Many Florida residents may have put off estate planning because they find it intimidating or overwhelming. Although crafting an estate plan can be a rather dry activity, it is absolutely essential for those who anticipate leaving assets to loved ones or other parties. Probate attorneys throughout the state have seen scores of individuals make serious mistakes with their estate plans; you do not have to be one of them. Today, we will discuss common misconceptions and errors that occur within estate plans, providing you with the information you need to craft the best document for your situation.
Some Floridians think they are too young to need an estate plan. That can be a huge mistake. Yes, even healthy Americans in their 30s are known to pass away – what happens if you have not made any provisions for your spouse and children? Your will is much more than a document that will help your family divide up your property; it can also provide information about your last medical wishes, determining how you will be treated after a catastrophic accident. All adults can benefit from a comprehensive estate plan that is thoroughly reviewed by an attorney and financial planner. You are never too young to plan for the future.

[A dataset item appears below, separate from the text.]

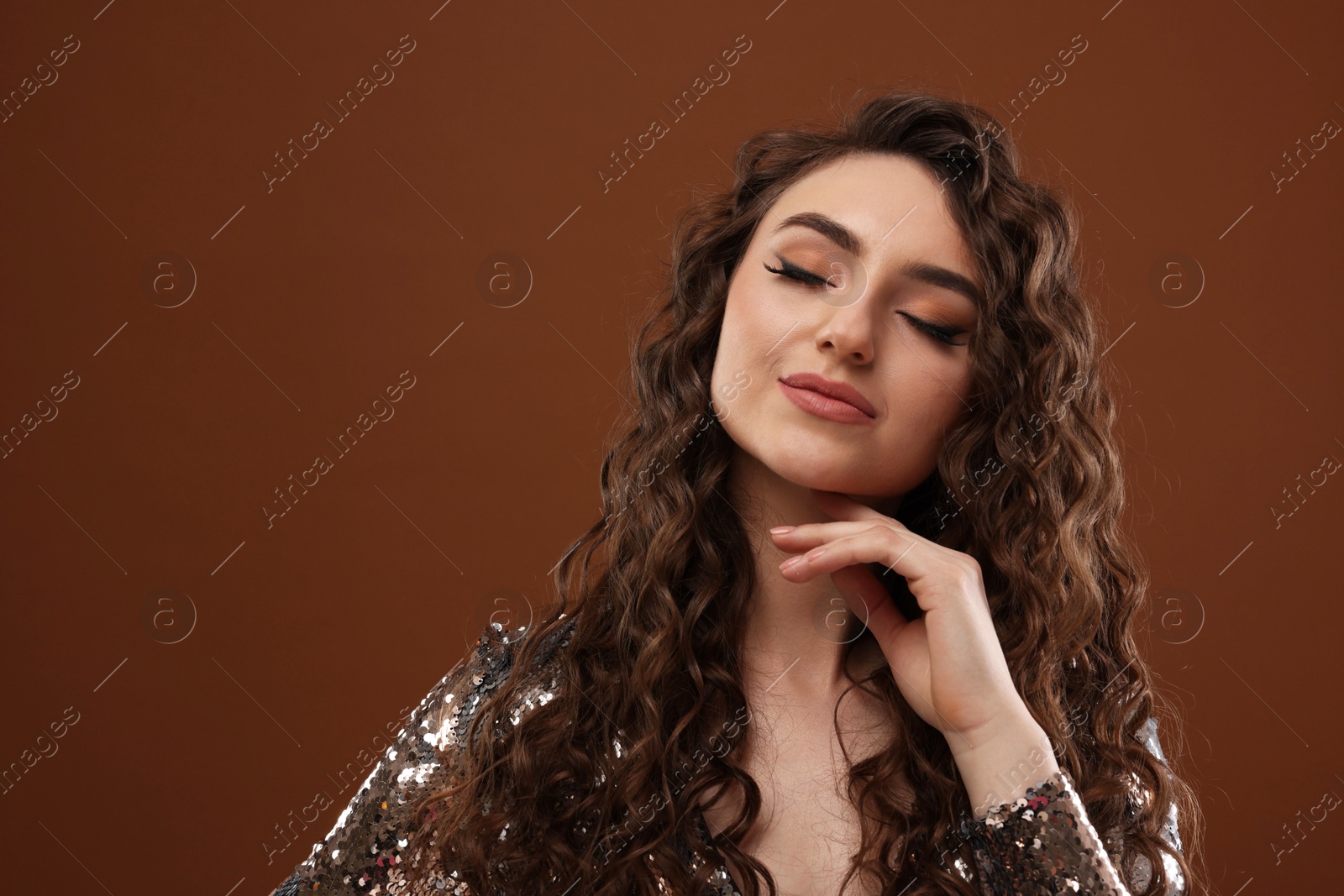 Photo of Beautiful young woman with long curly hair in sequin dress on brown background, space for text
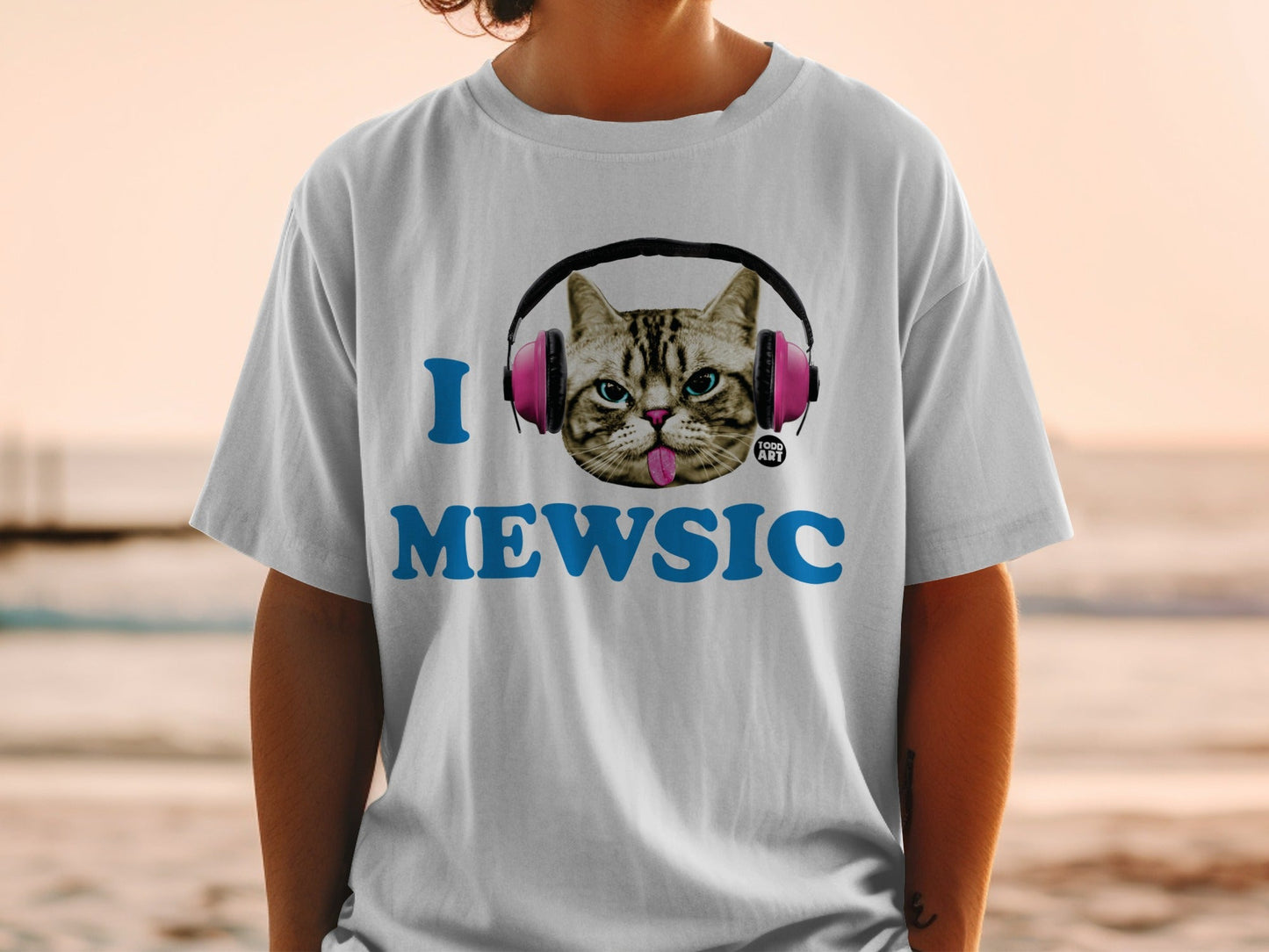Cat wearing headphones on t-shirt with "I MEWSIC" text.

The movies tell us that wills are generally read in an attorney’s office just hours after the benefactor passes away. Remember, however, that we are not in a Hollywood drama; communicating about your estate plan with your beneficiaries is critical. Be sure to tell your beneficiaries exactly what they stand to inherit. Early communication can prevent confrontations later.
Finally, be sure to consider the effect that taxes will have on your estate. Many people fail to realize that an estate plan can actually save their heirs a significant amount in federal and state tax burdens. Proper planning can ensure that your beneficiaries receive the correct assets in a timely fashion, providing a less-stressful experience for everyone involved.